Source: CMS Provider Data Catalog — Hospital Compare quality measures, CMS Inpatient Payment data files.

Procedure Prices

Procedure (DRG)Total Payment
Pulmonary Edema and Respiratory Failure
DRG 189 · Respiratory
$13,287
Septicemia or Severe Sepsis without Ventilator
DRG 871 · Infectious
$15,118
GI Hemorrhage with MCC
DRG 378 · Digestive
$14,604
Syncope and Collapse
DRG 312 · Neurological
$7,959
Major Hip and Knee Joint Replacement
DRG 470 · Orthopedic
$25,697
Vaginal Delivery without Complicating Diagnoses
DRG 775 · Obstetric
$5,274
Intracranial Hemorrhage or Cerebral Infarction with MCC
DRG 065 · Neurological
$13,589
Cesarean Section without CC/MCC
DRG 766 · Obstetric
$8,994
Percutaneous Cardiovascular Procedure with Drug-Eluting Stent
DRG 247 · Cardiac
$19,771

Pricing data from CMS Hospital Price Transparency. Quality ratings from CMS Hospital Compare.

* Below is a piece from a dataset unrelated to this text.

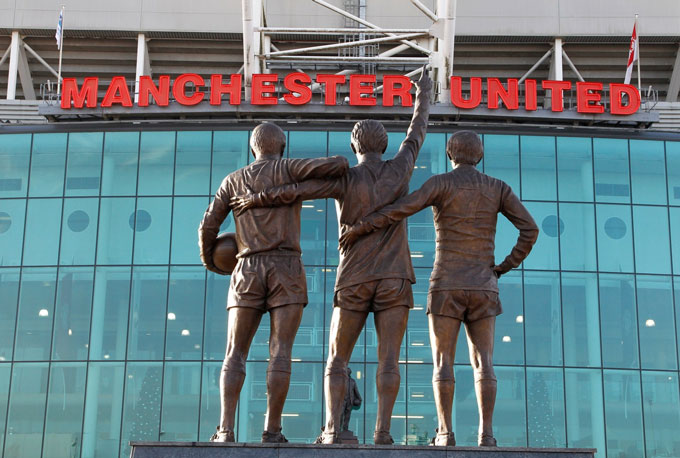 Rắc rối đeo bám MU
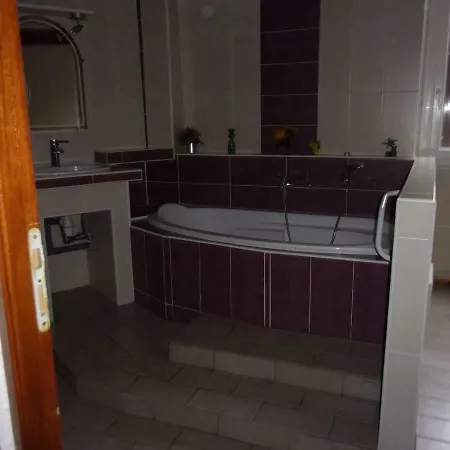 Triplex Douillet Semesterbostad *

How Barnesville Hospital Association, Inc Compares

Barnesville Hospital Association, Inc has an average Medicare payment of $13,810, 7% below the Ohio state average of $14,858. That is 13% lower than the national hospital average of $15,878. Most of its procedures fall under Neurological, where the typical payment is $10,855 (27% above this hospital's average). Its Value Score of C (60/100) reflects a blend of price percentile, CMS quality rating, and patient outcome measures.

Barnesville Hospital Association, Inc Cost & Quality FAQ

Barnesville Hospital Association, Inc has an average payment of $13,810 across 9 priced procedures. Costs vary significantly by procedure, compare individual prices in the procedure table above.

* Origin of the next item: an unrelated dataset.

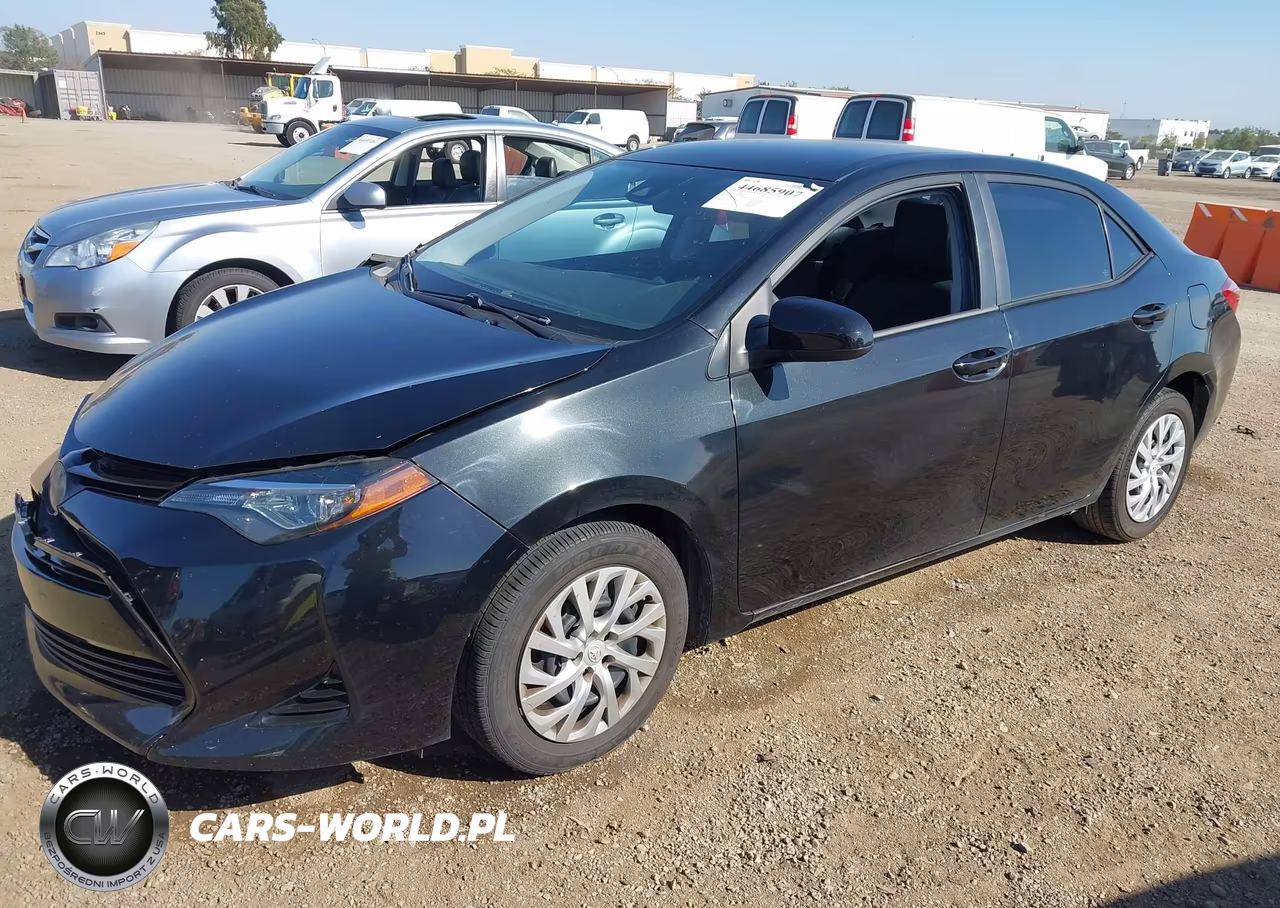 2018 Toyota Corolla Le VIN:5YFBURHE2JP838927 - 2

Barnesville Hospital Association, Inc does not currently have a CMS star rating on file. Quality measures may still be available for individual metrics like mortality and readmission rates.

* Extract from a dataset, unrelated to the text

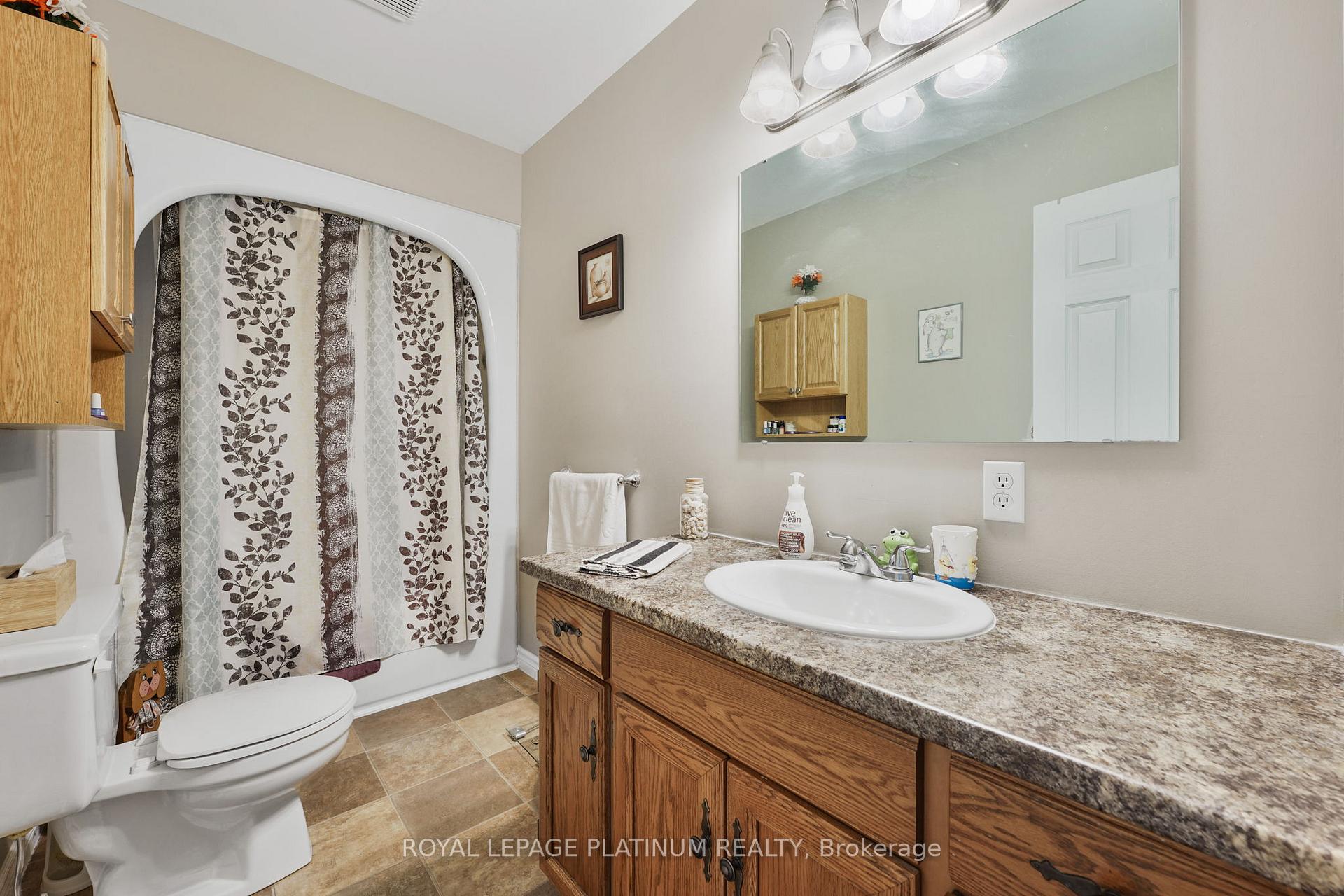 Photo 25 of 155 Clyde Street, Wellington North, Mount Forest — HOMEH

Barnesville Hospital Association, Inc has a Value Score of C (60/100). This score combines cost efficiency, quality ratings, and patient outcomes to help compare hospitals. Voluntary non-profit - Private facilities like this one are critical access hospitals.

Yes, Barnesville Hospital Association, Inc offers emergency services. The hospital is located at 639 WEST MAIN STREET, Barnesville, OH 43713. Phone: (740) 425-3941.

Hospital payment data reflects Medicare inpatient claims. Value Scores combine cost efficiency, CMS star ratings, and patient outcome measures. Actual out-of-pocket costs may vary based on insurance and individual circumstances.